• _The problem_
If a line below contains the string "Trump", return that line.

___ Data to examine ___

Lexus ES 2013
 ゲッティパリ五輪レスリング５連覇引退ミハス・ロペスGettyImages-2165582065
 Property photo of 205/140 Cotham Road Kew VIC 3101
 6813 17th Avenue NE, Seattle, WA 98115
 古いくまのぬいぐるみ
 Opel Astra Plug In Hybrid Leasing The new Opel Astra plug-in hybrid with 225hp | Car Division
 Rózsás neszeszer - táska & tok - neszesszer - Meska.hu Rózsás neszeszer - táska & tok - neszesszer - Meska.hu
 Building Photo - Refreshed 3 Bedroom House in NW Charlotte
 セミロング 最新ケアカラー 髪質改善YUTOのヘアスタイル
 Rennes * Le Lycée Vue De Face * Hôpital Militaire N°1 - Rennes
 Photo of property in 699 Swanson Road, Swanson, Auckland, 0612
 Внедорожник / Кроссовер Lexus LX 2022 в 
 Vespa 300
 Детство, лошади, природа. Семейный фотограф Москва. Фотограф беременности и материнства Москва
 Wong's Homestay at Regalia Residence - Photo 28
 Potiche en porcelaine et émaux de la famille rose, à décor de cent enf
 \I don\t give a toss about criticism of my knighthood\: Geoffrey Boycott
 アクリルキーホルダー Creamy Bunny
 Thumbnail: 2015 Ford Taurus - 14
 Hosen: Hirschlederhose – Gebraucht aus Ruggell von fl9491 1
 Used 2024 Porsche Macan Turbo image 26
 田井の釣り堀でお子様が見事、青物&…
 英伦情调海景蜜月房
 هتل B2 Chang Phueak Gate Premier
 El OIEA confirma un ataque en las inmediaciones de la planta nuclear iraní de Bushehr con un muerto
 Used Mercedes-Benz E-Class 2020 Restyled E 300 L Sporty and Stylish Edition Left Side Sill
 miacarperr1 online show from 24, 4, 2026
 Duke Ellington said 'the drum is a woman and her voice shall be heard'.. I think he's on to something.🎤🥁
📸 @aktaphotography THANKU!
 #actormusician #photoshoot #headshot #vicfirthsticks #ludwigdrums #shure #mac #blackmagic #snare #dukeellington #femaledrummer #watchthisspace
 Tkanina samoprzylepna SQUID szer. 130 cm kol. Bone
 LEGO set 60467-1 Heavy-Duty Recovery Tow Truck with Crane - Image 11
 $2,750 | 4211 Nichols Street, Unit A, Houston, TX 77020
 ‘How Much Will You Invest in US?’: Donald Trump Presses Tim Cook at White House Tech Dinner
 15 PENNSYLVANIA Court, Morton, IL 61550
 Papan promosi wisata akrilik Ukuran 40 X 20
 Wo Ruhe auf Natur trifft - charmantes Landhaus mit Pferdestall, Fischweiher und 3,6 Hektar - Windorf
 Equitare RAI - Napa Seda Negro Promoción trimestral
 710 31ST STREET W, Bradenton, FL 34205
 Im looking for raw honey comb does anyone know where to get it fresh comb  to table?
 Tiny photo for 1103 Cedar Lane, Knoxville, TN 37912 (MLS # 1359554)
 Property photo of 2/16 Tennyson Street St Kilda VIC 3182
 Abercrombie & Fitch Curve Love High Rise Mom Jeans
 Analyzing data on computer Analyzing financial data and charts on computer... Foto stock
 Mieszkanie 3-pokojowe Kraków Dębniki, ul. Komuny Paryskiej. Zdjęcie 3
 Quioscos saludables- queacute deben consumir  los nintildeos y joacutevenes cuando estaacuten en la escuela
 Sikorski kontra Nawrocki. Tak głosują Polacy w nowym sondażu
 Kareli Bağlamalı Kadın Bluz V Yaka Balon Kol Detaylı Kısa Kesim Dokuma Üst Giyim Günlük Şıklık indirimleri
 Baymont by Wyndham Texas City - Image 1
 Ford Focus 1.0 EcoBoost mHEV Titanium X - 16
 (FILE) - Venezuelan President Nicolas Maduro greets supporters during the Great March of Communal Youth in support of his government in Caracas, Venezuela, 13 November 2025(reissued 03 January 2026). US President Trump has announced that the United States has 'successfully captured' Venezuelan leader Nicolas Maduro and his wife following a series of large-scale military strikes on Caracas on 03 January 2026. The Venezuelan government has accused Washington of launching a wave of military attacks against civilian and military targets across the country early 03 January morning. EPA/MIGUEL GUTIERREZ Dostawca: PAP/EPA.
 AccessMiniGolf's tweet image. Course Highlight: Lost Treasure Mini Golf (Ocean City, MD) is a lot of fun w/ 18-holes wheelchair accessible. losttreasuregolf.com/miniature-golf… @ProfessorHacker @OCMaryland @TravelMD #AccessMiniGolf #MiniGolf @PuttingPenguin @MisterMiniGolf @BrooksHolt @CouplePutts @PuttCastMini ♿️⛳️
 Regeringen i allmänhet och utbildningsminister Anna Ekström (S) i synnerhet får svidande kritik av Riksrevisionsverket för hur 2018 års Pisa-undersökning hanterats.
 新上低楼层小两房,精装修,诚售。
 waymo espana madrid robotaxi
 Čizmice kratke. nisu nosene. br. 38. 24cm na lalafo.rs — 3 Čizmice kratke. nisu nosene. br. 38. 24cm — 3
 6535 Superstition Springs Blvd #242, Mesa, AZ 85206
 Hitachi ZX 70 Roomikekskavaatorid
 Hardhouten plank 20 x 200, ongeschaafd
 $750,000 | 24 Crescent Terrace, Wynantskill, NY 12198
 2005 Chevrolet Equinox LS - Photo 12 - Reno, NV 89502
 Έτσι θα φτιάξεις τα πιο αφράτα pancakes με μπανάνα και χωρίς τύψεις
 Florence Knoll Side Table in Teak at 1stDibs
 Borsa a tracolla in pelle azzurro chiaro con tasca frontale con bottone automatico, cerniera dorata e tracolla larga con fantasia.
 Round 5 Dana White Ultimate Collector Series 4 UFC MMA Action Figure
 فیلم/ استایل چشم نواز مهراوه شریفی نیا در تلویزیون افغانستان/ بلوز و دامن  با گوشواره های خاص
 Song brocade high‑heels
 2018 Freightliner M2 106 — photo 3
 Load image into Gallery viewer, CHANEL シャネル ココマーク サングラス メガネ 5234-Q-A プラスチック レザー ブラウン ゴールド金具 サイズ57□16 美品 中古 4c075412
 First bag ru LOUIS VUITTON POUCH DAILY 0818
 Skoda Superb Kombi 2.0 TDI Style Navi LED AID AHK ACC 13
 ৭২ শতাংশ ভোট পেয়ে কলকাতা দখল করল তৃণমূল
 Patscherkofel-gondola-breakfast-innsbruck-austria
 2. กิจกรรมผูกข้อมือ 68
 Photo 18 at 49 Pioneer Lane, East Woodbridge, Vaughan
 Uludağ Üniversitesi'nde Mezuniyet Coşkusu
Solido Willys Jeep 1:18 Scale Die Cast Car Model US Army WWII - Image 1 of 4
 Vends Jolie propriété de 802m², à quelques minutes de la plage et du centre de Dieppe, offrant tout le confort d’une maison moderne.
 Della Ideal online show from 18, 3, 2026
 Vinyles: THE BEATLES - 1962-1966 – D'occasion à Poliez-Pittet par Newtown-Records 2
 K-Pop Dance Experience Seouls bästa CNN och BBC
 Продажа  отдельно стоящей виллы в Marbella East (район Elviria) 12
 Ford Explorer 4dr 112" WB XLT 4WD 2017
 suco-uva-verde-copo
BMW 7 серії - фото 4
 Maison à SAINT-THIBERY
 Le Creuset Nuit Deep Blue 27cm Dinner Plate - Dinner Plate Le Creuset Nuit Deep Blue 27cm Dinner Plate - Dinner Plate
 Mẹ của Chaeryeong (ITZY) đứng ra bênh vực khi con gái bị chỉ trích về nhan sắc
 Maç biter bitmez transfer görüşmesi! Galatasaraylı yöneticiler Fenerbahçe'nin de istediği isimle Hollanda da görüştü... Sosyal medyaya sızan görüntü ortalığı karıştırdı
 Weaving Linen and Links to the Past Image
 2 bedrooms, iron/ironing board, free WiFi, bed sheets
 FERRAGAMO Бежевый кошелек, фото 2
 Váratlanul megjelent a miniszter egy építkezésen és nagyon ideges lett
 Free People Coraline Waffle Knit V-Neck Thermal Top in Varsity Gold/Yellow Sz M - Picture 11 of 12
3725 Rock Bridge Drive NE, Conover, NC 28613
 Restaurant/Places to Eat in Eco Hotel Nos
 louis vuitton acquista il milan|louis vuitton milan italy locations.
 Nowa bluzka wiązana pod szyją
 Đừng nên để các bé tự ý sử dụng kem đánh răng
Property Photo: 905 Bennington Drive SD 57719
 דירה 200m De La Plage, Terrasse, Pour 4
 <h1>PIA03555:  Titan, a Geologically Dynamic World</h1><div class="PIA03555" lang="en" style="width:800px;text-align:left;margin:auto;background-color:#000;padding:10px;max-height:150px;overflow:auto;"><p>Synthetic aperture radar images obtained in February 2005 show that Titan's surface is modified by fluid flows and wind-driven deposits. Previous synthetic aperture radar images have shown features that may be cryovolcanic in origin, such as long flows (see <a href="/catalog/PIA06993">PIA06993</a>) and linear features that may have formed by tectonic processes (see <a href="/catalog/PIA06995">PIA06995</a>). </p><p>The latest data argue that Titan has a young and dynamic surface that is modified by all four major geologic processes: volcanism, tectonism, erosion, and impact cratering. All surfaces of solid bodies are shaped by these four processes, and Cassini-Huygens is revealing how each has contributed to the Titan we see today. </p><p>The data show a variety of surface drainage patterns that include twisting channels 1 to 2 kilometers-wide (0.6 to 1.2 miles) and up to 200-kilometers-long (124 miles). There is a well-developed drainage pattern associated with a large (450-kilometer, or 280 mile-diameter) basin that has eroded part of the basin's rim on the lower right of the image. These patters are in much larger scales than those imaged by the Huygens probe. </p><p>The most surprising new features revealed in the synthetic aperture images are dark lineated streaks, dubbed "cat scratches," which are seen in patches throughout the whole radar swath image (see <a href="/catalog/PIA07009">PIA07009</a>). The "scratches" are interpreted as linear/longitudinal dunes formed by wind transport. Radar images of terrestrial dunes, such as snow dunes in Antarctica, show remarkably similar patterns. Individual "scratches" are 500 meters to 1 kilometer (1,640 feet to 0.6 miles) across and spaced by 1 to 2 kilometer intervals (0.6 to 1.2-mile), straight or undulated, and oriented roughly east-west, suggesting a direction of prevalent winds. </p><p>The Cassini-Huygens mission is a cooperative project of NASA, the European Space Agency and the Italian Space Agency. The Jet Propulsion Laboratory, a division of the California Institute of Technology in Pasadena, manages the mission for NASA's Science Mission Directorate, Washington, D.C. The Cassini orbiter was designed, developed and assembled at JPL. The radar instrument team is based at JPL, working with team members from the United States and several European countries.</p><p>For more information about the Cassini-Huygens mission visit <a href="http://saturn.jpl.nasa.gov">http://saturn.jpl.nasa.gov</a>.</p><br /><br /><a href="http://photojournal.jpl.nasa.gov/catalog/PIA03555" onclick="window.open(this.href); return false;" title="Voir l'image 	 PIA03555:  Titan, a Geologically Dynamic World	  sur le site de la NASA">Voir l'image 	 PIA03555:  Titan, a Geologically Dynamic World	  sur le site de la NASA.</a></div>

___

• _Completed task_
 ‘How Much Will You Invest in US?’: Donald Trump Presses Tim Cook at White House Tech Dinner
 (FILE) - Venezuelan President Nicolas Maduro greets supporters during the Great March of Communal Youth in support of his government in Caracas, Venezuela, 13 November 2025(reissued 03 January 2026). US President Trump has announced that the United States has 'successfully captured' Venezuelan leader Nicolas Maduro and his wife following a series of large-scale military strikes on Caracas on 03 January 2026. The Venezuelan government has accused Washington of launching a wave of military attacks against civilian and military targets across the country early 03 January morning. EPA/MIGUEL GUTIERREZ Dostawca: PAP/EPA.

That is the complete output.